Ice fished Tappan again tonight. Nothing! Been ice fishing Tappan for 3 years now and haven't caught a saugeye yet for that matter I've fished Tappan pretty hard for the last 3 years on soft water even and haven't caught hardly any saugeye. Always find myself going back to Clendening or Piedmont. Where have all the Tappan saugeye gone to?? I bet I have an idea they are at Buckeye Indian Alum Creek, Deer Creek, they're all in the Columbus area. I believe the state needs to stock tappan like they used to when you could catch saugeye. Like the good ole days! Becuase us people in Southeast Ohio love to catch saugeye too, but don't want to drive to Columbus area to do so.


----------



## tcba1987 (Jun 22, 2004)

yep the fishing has went down hill FAST over the past few years........i think too many people are eating EVERY saugeye that they catch out there !!!


----------



## fishing_marshall (Jun 12, 2004)

Buckeye and Indian are shallow compared to Tappan so the fish don't have many places to hide. Some lakes are harder than others to figure out when it comes to ice fishing. I consistently catch saugeye at tappan during the summer on cranks and crawler harnesses.


----------



## Mr. Moony (Sep 10, 2008)

there is no comparison from 10 years ago what happend to the numbers people arent keeping and eating somthing that aint there


----------



## Mr. Moony (Sep 10, 2008)

i mr moony will put a bounty on all saugeye caught at tappan lake through the ice. (just jokin) I do know some lakes are sleepers when it comes to ice fishing but Tappan lake is in a coma and I wish they would stock that sucker like they used to.


----------



## Mr. Moony (Sep 10, 2008)

hey marshall glad to have you reply to my thread.i have been reading ogf for three years now and just started posting and became a member .so its time for me to give back what all you ogfers have given me.i fish alot and will post alot of good fishing information.marshall have shared alot of good info.the way its needs to be.i will do the same.you learned me how to catch gators in the tusk and have never met ya.keep up the good reports and i will to.


----------



## wave warrior (Oct 2, 2005)

rex calls tappan the dead sea!!! have not caught an eye thru the ice there ever...3 seasons iceing there and only a few good days...one 2 day span we killed white bass and a few channels were caught but its a strange lake to figure out!!i keep telling myself "one of these days" but i'm still waiting!! will keep trying though...


----------



## Muskarp (Feb 5, 2007)

Mr. Moony said:


> Ice fished Tappan again tonight. Nothing! Been ice fishing Tappan for 3 years now and haven't caught a saugeye yet for that matter I've fished Tappan pretty hard for the last 3 years on soft water even and haven't caught hardly any saugeye. Always find myself going back to Clendening or Piedmont. Where have all the Tappan saugeye gone to?? I bet I have an idea they are at Buckeye Indian Alum Creek, Deer Creek, they're all in the Columbus area. I believe the state needs to stock tappan like they used to when you could catch saugeye. Like the good ole days! Becuase us people in Southeast Ohio love to catch saugeye too, but don't want to drive to Columbus area to do so.

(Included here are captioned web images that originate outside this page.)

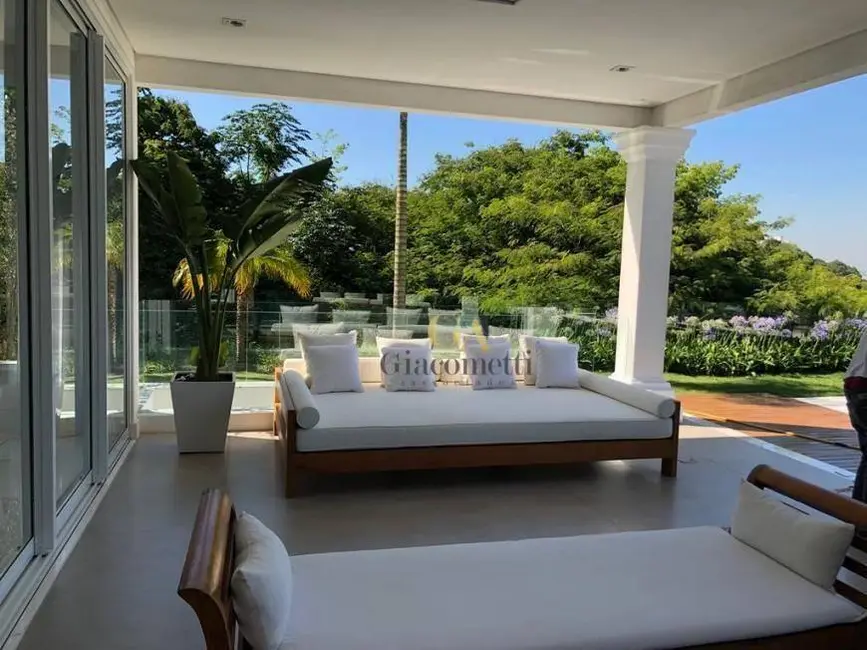 Casa de Condomínio com 5 quartos à venda, 1000m2 em Tamboré, Santana De Parnaiba - SP - imagem 7 Foto 7 de Casa de Condomínio com 5 quartos à venda, 1000m2 em Tamboré, Santana De Parnaiba - SP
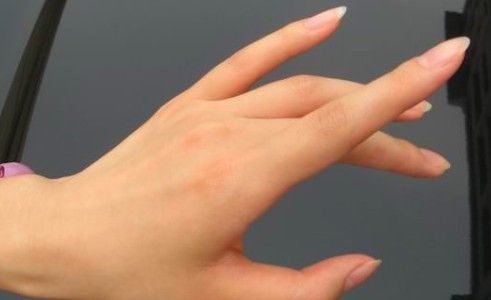 女人梦见剪脚指甲啥预兆，梦见脚指甲长长了是什么意思图1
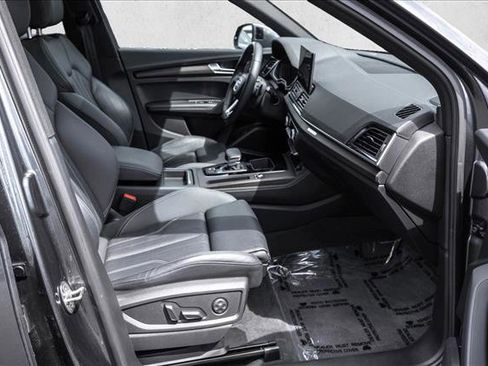 Used 2022 Audi Q5 2.0T Premium Plus AWD/4WD image 26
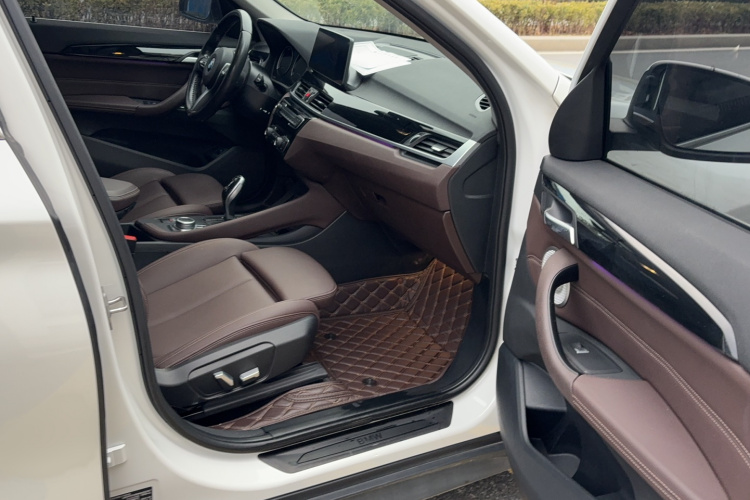 宝马X1 2021款 sDrive25Li 领先型中控内饰7006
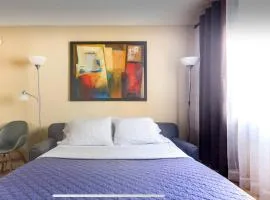Downtown Central Edmonton Entire Unit Condo 12 inches thick Mattress Non Smoking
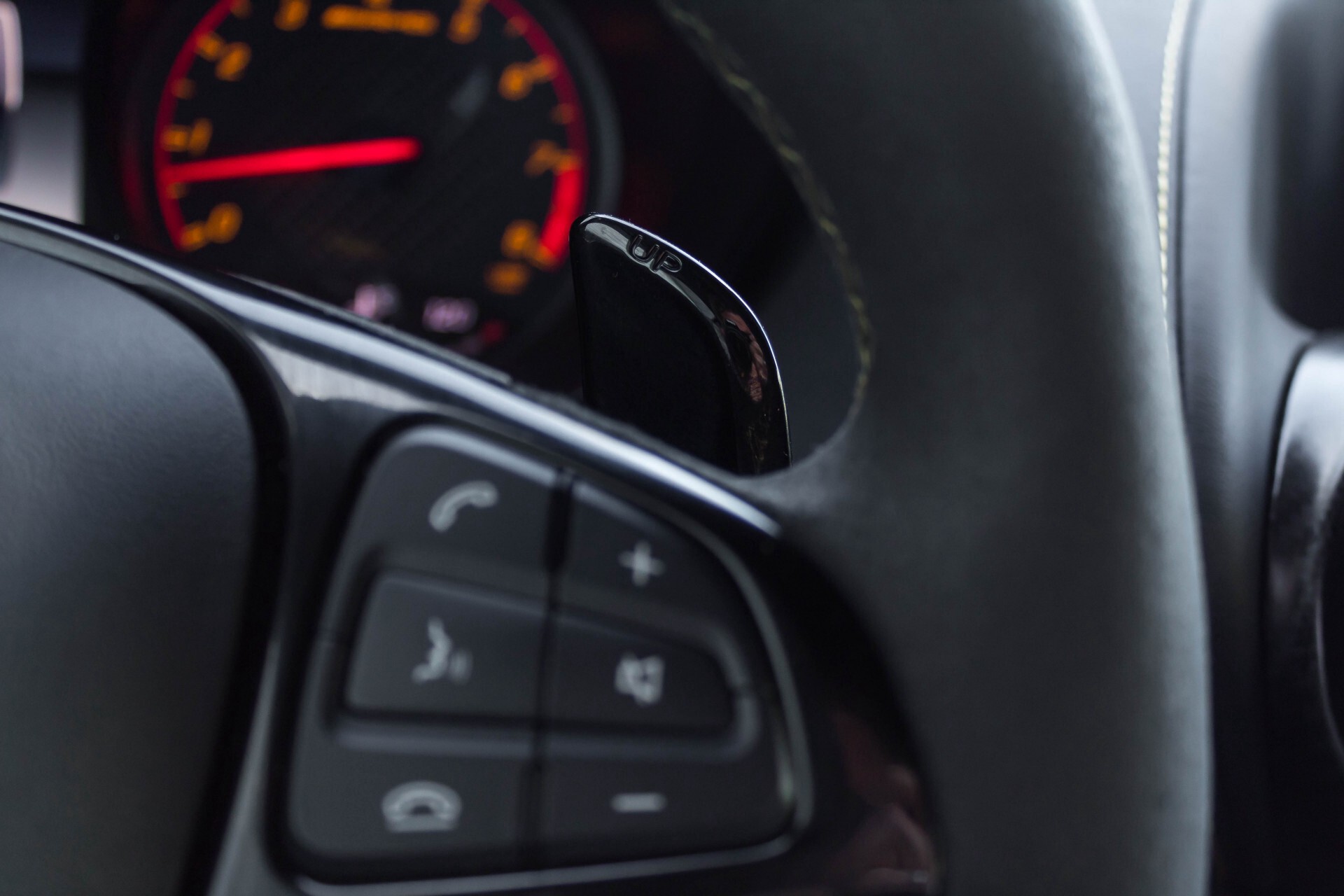 Mercedes-Benz AMG GT 4.0 R Designo Full Carbon Burmester Highend Distronic Camera Aut9 Foto 12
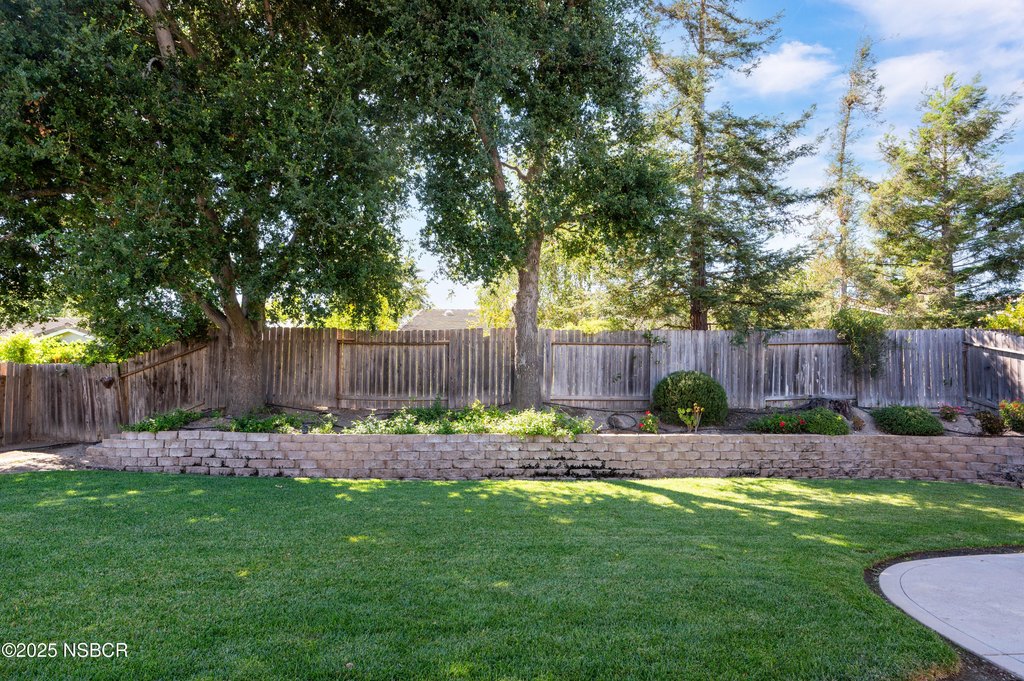 Buellton, California, 93427, United States, 4 Bedrooms Bedrooms, ,2.5 BathroomsBathrooms,Residential,Forsale,1941491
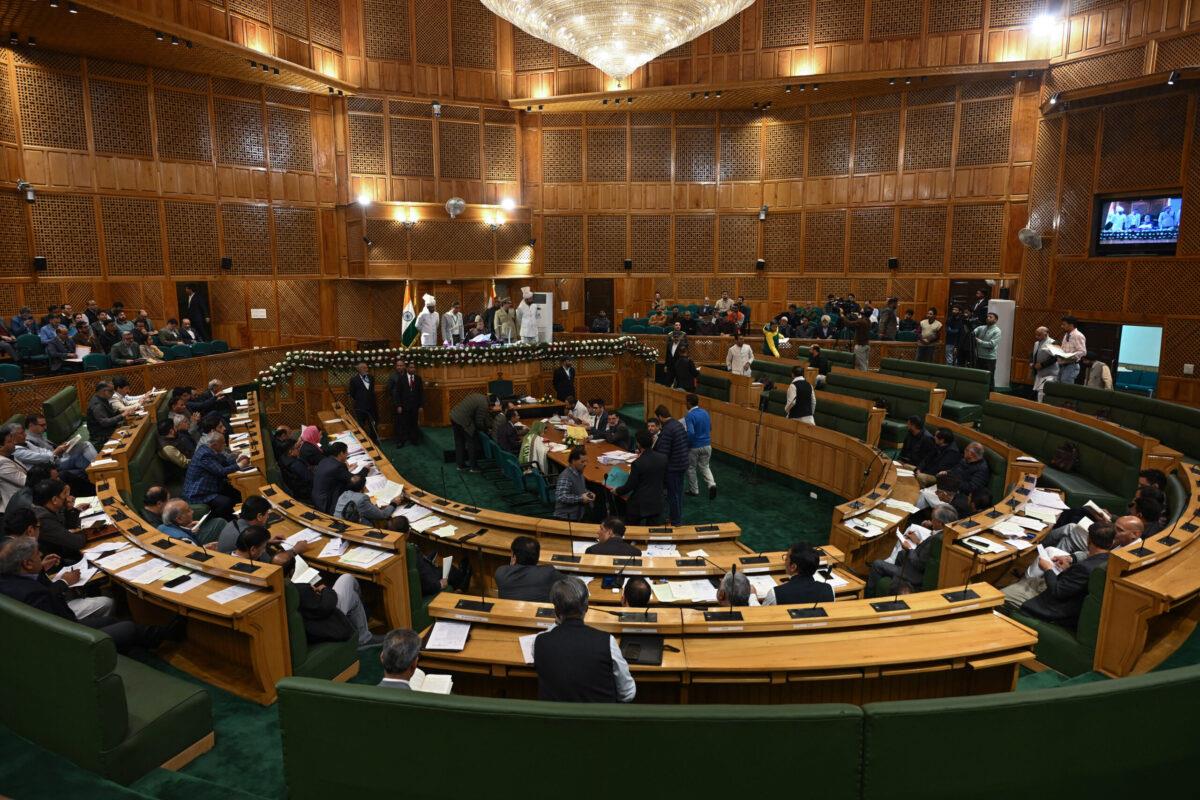 Reservation Issue: Heated Exchange Inside J&K Assembly Reservation Issue: Heated Exchange Inside J&K Assembly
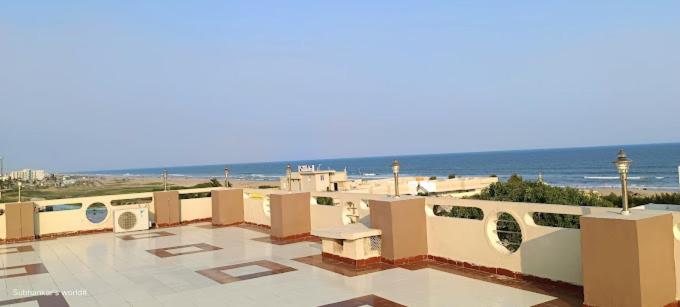 Skipper Beach Resort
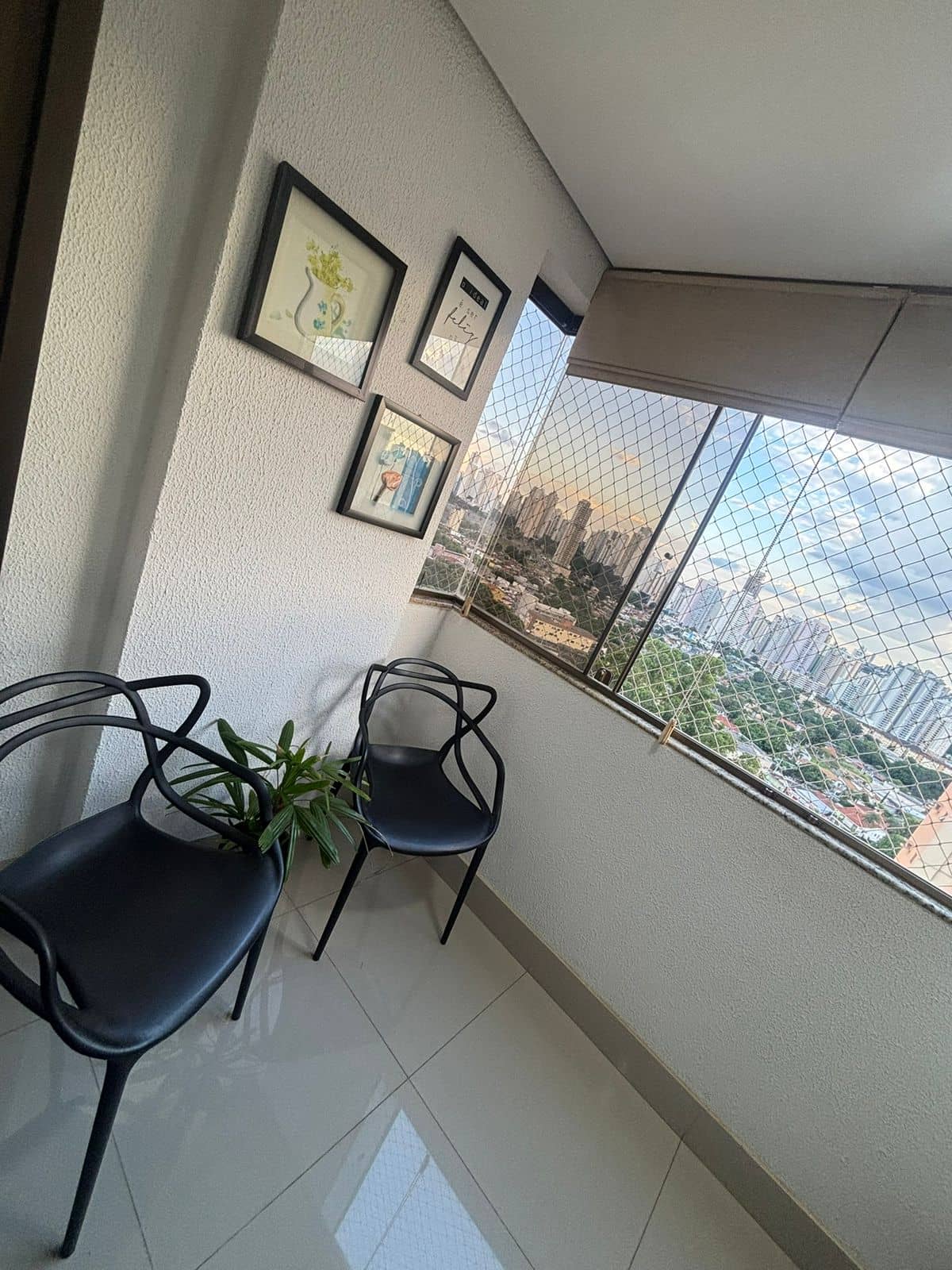 Apartamento com 3 quartos - Próximo a PUC - Jardim Goiás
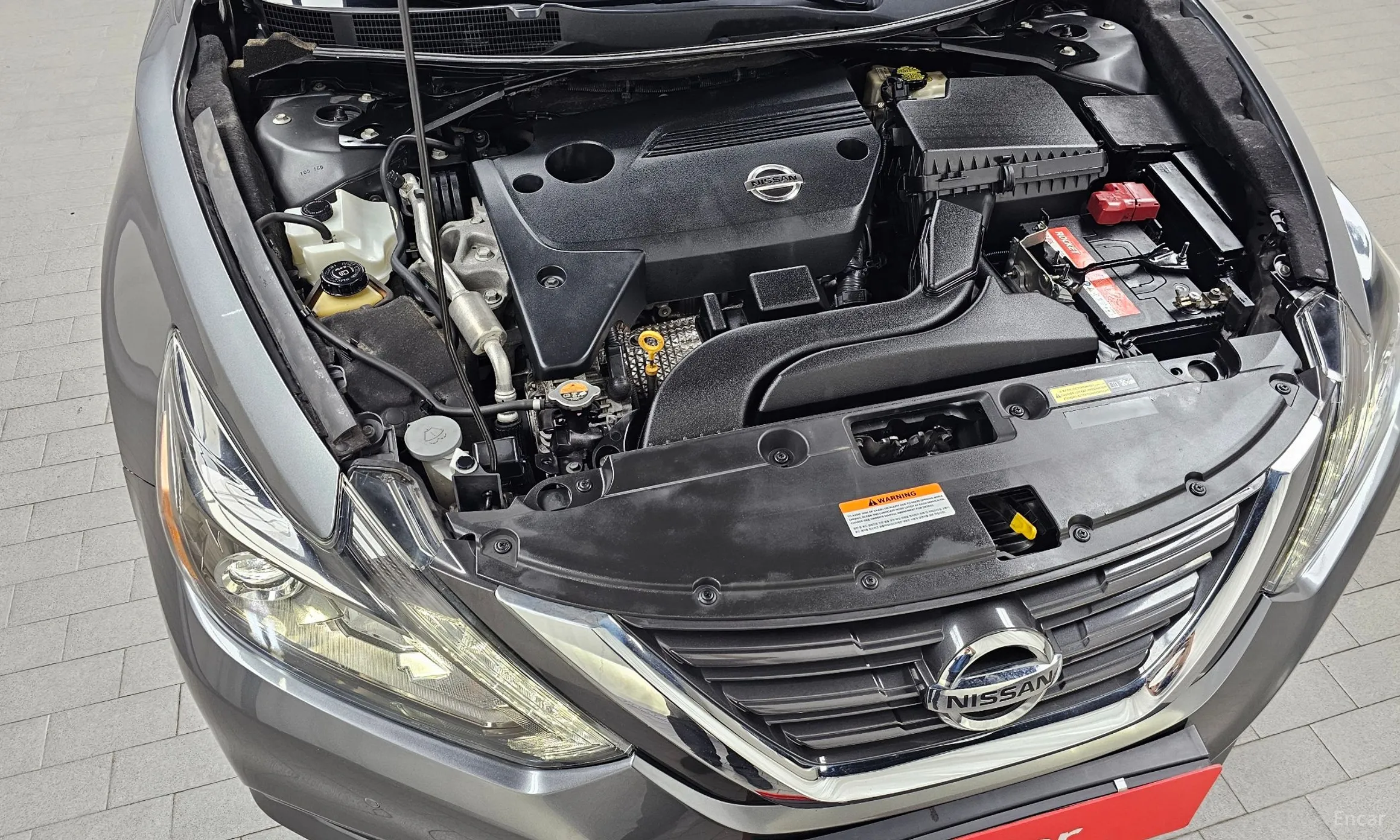 Nissan Altima превью 6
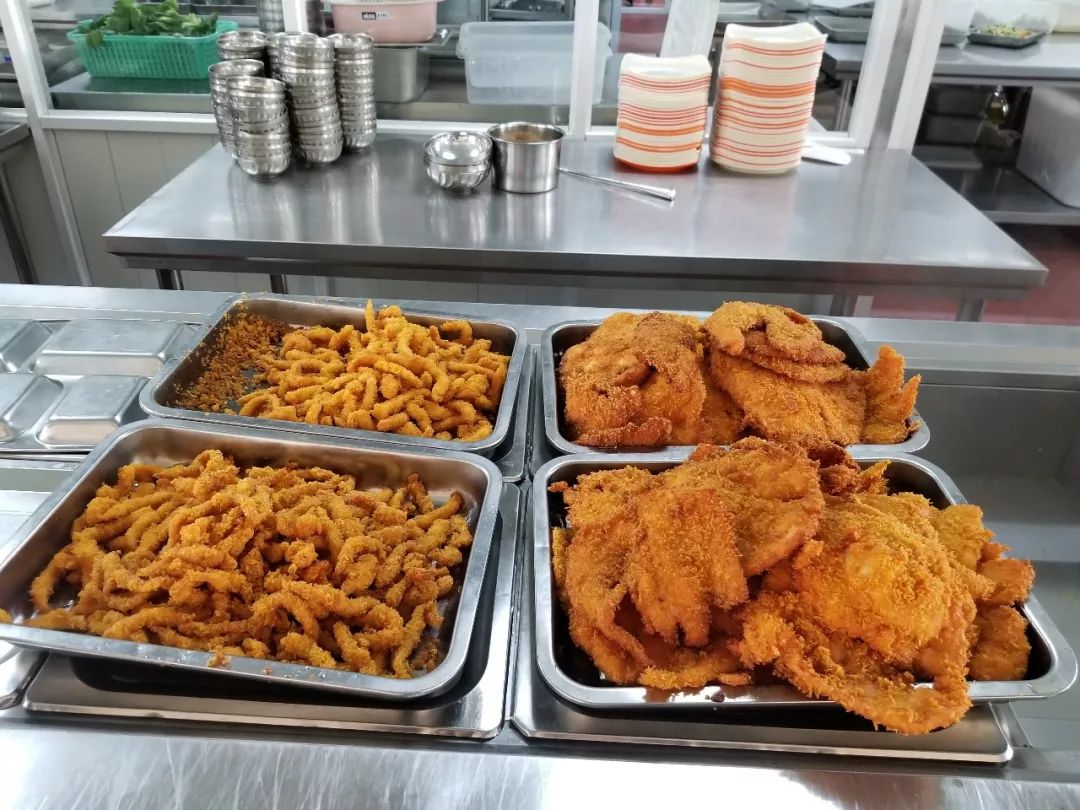 2021年郑州小升初择校必看的15所热门民办初中食宿情况集合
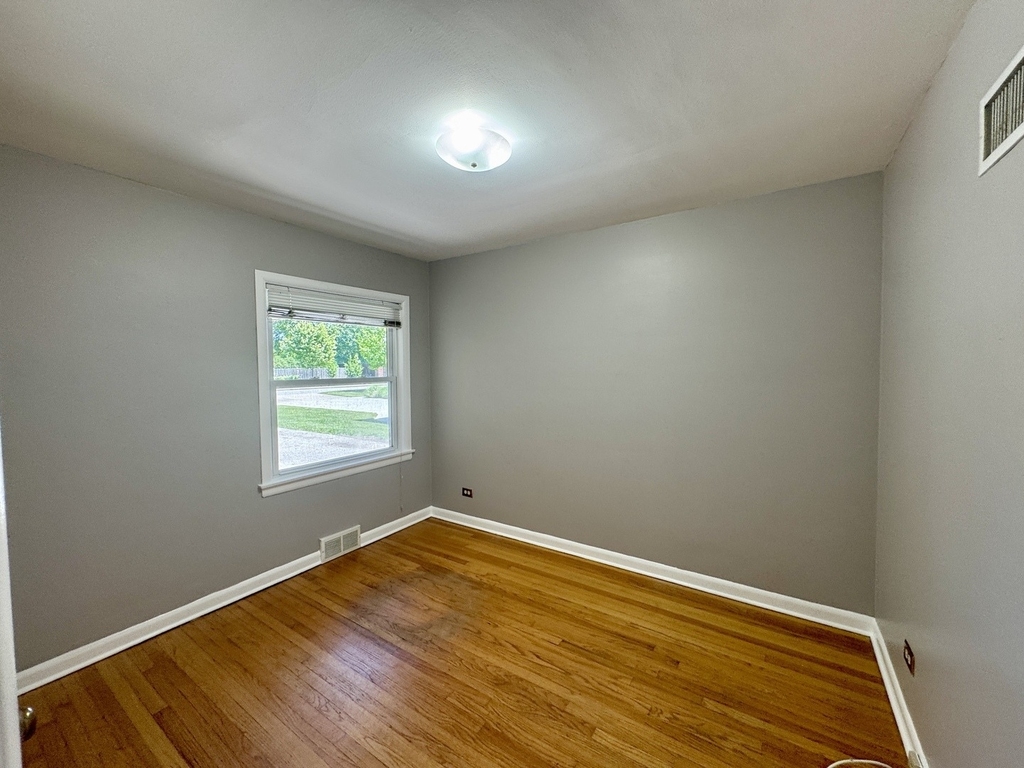 912 N Greenwood Avenue - Photo 11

I can assure you Alum gives up no more suageye than Tappan. I've been pounding it for years (full alotment of tip-ups and rods, even eletronics), and still can hardly find a couple a year. As for Buckeye and Indian, Marshall hit that one on the head. Plus they both have large amounts of ice anglers on them. If nobody is out looking for them than nobody is going to find them. Gotta figure out where they are and when they are feeding. Fishing 101.


----------



## Mr. Moony (Sep 10, 2008)

hey wave warrior,i was at tappen couple years ago and caught lots of white bass also i met reel dirty one there and i bet you were with him.heck i cant even get on the whites any more


----------



## KATKING (Jun 10, 2006)

Go to atwood, its not to far away from tappen and the eye fishing there ain't bad at all


----------